The game is hosted in Dyersville, Iowa, near the filming location of the titular 1989 baseball movie. The field constructed for the movie, which has been operated as a tourist destination since 1989, could not be brought to MLB game standards without permanently altering major features of the property and destroying its movie authenticity, so it was decided to build a separate playing facility at a distance of approximately 500 ft in the cornfields. The new field is in the property of the Ameskamp family, who used to own the left and center field of the 1988 Field of Dreams (the rest was owned by the Lansing family) before selling it to the Lansing family in 2007.

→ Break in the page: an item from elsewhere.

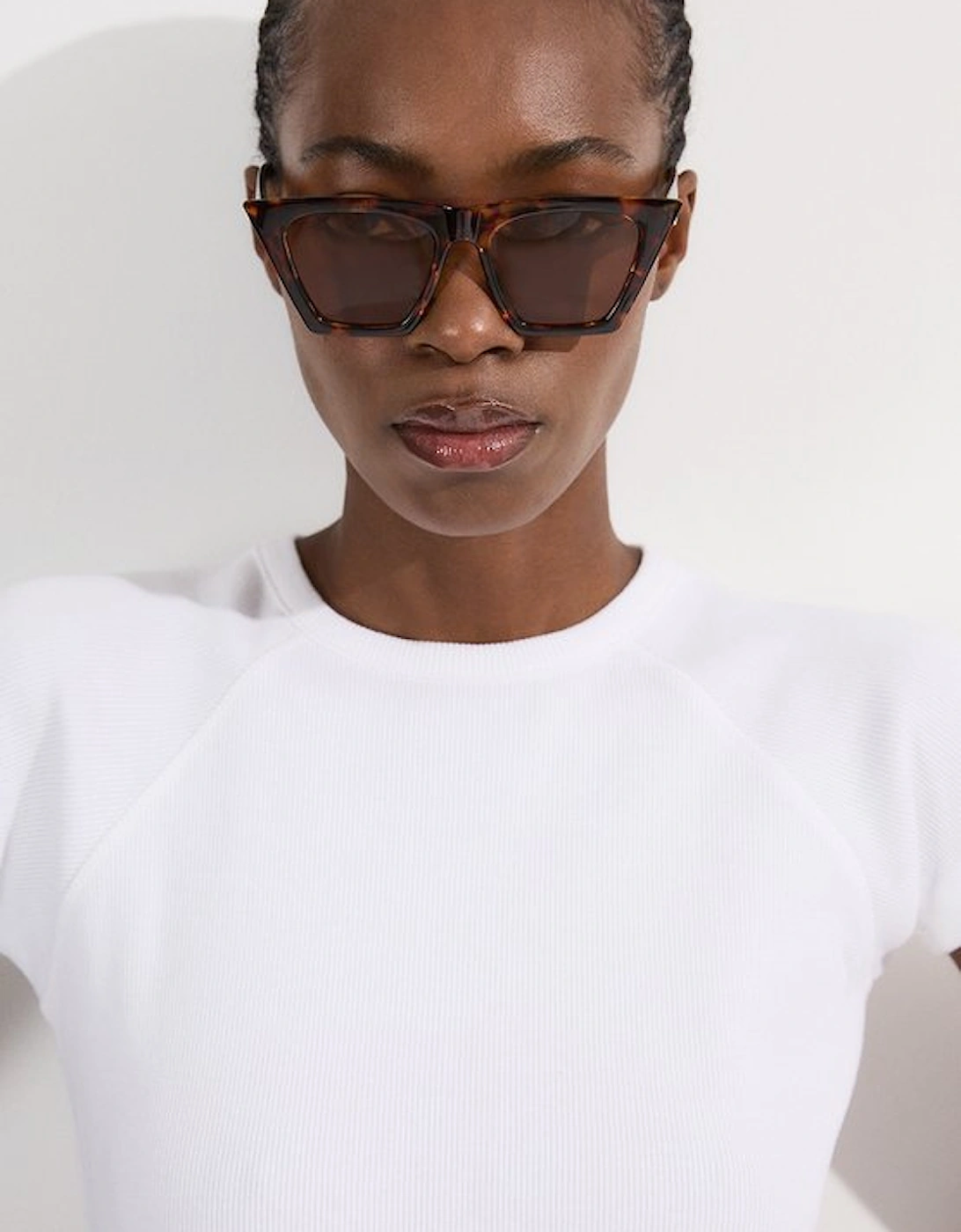 Compact Jersey Rib Cap Sleeve Maxi Dress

The new ballpark was designed by Vizion Projects of Des Moines, Iowa, and constructed by Gronen of Dubuque, Iowa, along with many local and regional subcontractors. This was done using a Design/Build process, which allowed design and construction to move at a speed necessary to host the 2026 MLB Game.

The design of the ballpark pays homage to the White Sox' home from 1910 to 1990, Comiskey Park, including the shape of the outfield and the bullpens beyond the center field fence. Windows were included in the design of the right field wall to show the cornfields beyond the ballpark and to provide views of the movie set.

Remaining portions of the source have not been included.